• [WHAT IS REQUIRED]: Go to the line below that has "Bộ sản phẩm", print it and each line after it exactly, and stop after the line that has "Kask rowerowy Bell"; leave out pictures.

• [DATA LISTING]:
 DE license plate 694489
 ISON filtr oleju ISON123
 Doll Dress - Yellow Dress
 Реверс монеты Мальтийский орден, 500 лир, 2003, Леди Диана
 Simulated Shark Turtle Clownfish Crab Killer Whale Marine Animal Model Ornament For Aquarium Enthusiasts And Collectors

---

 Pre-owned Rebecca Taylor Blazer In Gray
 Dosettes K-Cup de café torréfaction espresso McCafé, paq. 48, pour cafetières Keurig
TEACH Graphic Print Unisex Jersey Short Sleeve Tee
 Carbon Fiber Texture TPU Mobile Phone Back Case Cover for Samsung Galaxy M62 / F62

==

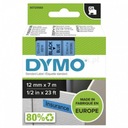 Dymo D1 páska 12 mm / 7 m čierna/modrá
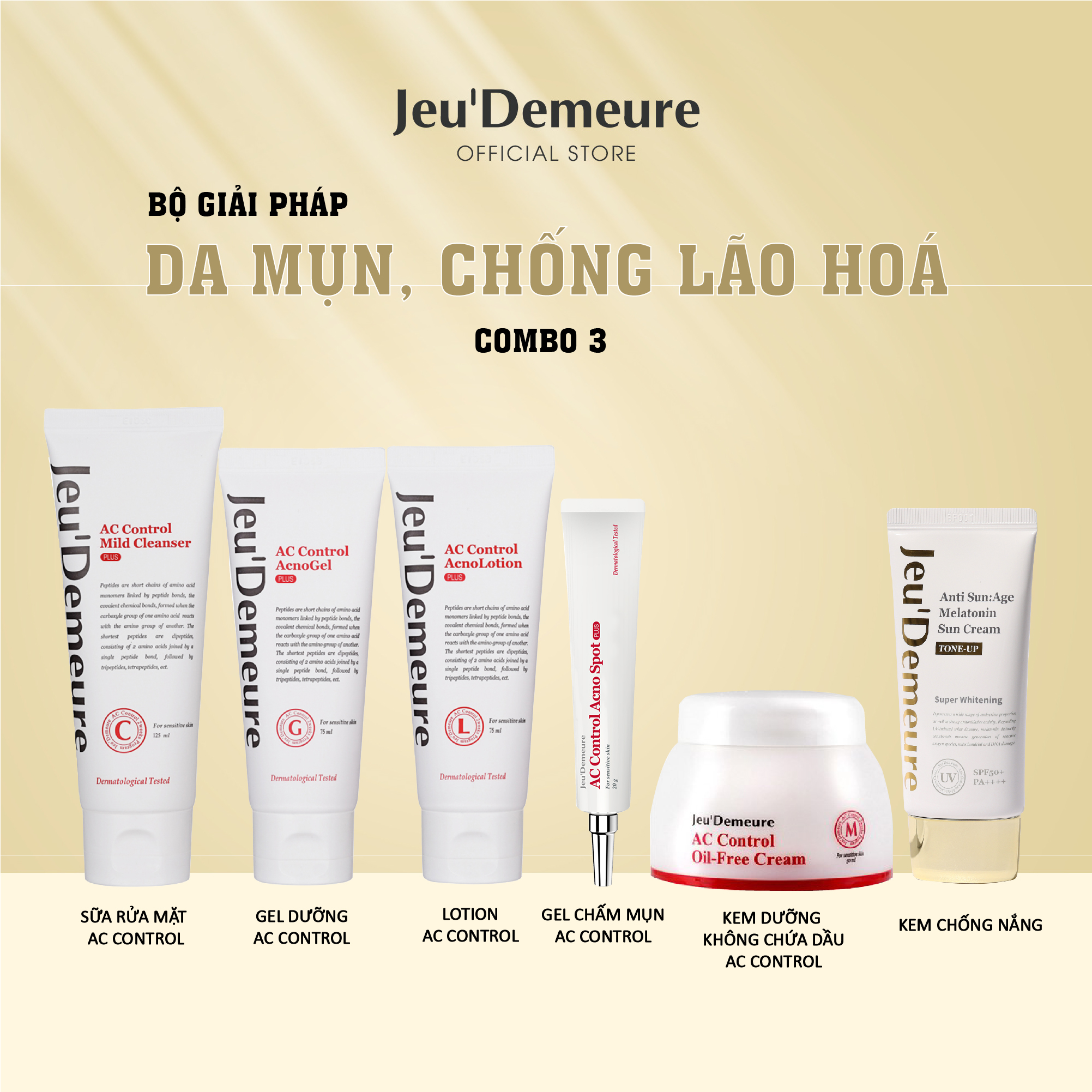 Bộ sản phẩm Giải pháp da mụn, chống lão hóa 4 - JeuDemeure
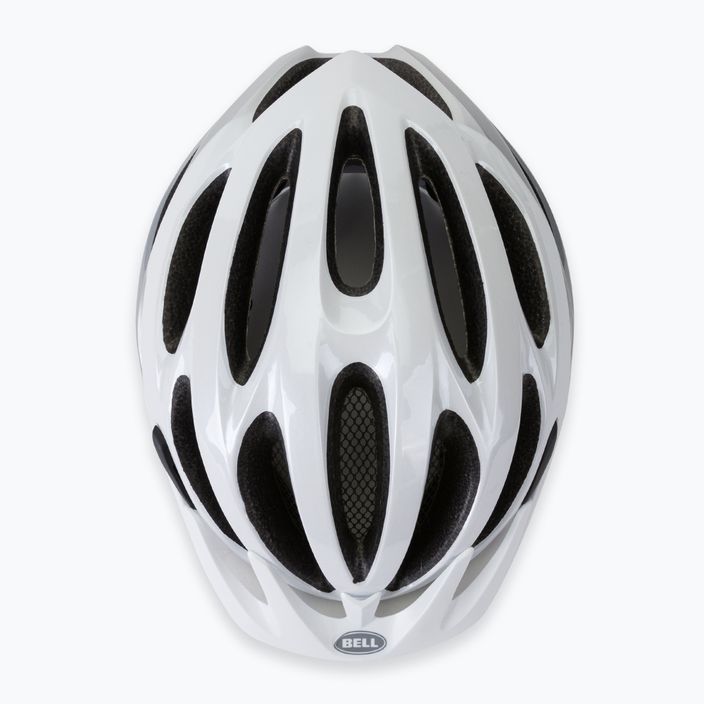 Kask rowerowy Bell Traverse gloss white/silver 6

• [OUTPUT FOR THIS EXERCISE]:
 Bộ sản phẩm Giải pháp da mụn, chống lão hóa 4 - JeuDemeure
 Kask rowerowy Bell Traverse gloss white/silver 6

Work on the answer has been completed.